Вскоре после появления "Банкрута"13 открыла у себя литературные субботы графиня Ростопчина, познакомившаяся с автором этой пьесы у Погодина. Там же ей была представлена вся молодая редакция "Москвитянина", и это были первые ее гости по субботам, до некоторой степени habitués {Завсегдатаи (фр.). } суббот. К славянофилам сердце ее не лежало, да они были и потяжелее и повзыскательнее молодежи, которая, недолго рассуждая и не имея формально никаких задних мыслей, наполняла салоны Ростопчиной. Надо думать, что, после истории с "Насильственным Браком", Ростопчины, привыкшие время от времени показываться при дворе и вообще витать в тех сферах, где легко было встретить государя и других членов императорской фамилии,-- изменясь в отношениях ко всем этим лицам, даже просто "изгнанные из дворца" -- сочли за лучшее скрыться, если не навсегда, то хоть на некоторое время из Петербурга.... В Москве жила мать графа; кроме того, было прекрасное подмосковное имение, Вороново, лежавшее всего-навсего в 60 верстах от Москвы. В имении этом находился когда-то громадный дворец с флигелями, с садом и с парком; необитаемый с тех пор, как он был сожжен графом Федором Васильевичем Ростопчиным (московским генерал-губернатором во дни Наполеона I), когда граф услышал, что в Вороново направляется какая-то французская дивизия. Сын его, Андрей Федорович, (муж Ростопчиной), переезжая на прочное житье в Москву, в конце 1840-х годов, велел отделать нижний этаж центрального здания, для приездов туда жены с ее гостями в летнее время, а себе (так как он любил во всем отдельное независимое существование) построил особый деревянный дом, куда пускал немногих.
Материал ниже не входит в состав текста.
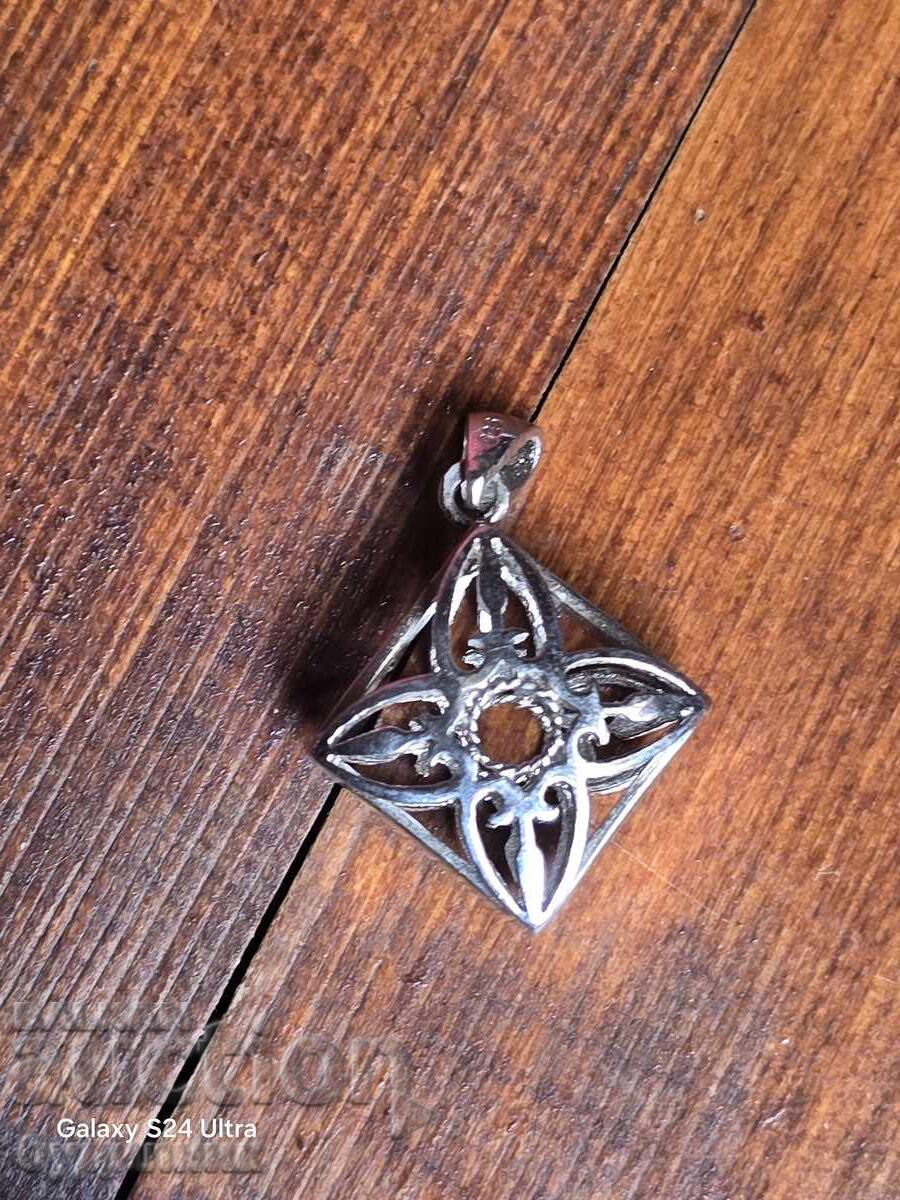 Παράδοση Ασημένιο μενταγιόν. Ξεκινώ πάνω από 100 Δημοπρασίες. Δείτε και άλλα Παράδοση Ασημένιο μενταγιόν. Ξεκινώ πάνω από 100 Δημοπρασίες. Δείτε και άλλα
В Москве у них был тоже дом, на углу Лубянки и Фурдасовского переулка, но граф успел его спустить за бесценок одному зажиточному москвичу. Жить в нанятой квартире граф считал неприличным по своему общественному положению и потому купил собственный дом на Садовой, у Ермолова, довольно большой, каменный, в два этажа, с садом и обширным двором; когда кто проезжал по улице, дома этого было почти невидно, за широкими каменными воротами, на которых сидели какие-то птицы, (кажется, герб прежнего владетеля Небольсина), длинным двором и садом. Граф занял верхнюю половину, графиня -- нижнюю. Каждый отделал свою часть апартаментов по собственному вкусу. Наследственная старая мебель с богатым севрским фарфором доставлена была в покоях графини. Картинная галерея помещена в самых больших салонах верхнего этажа.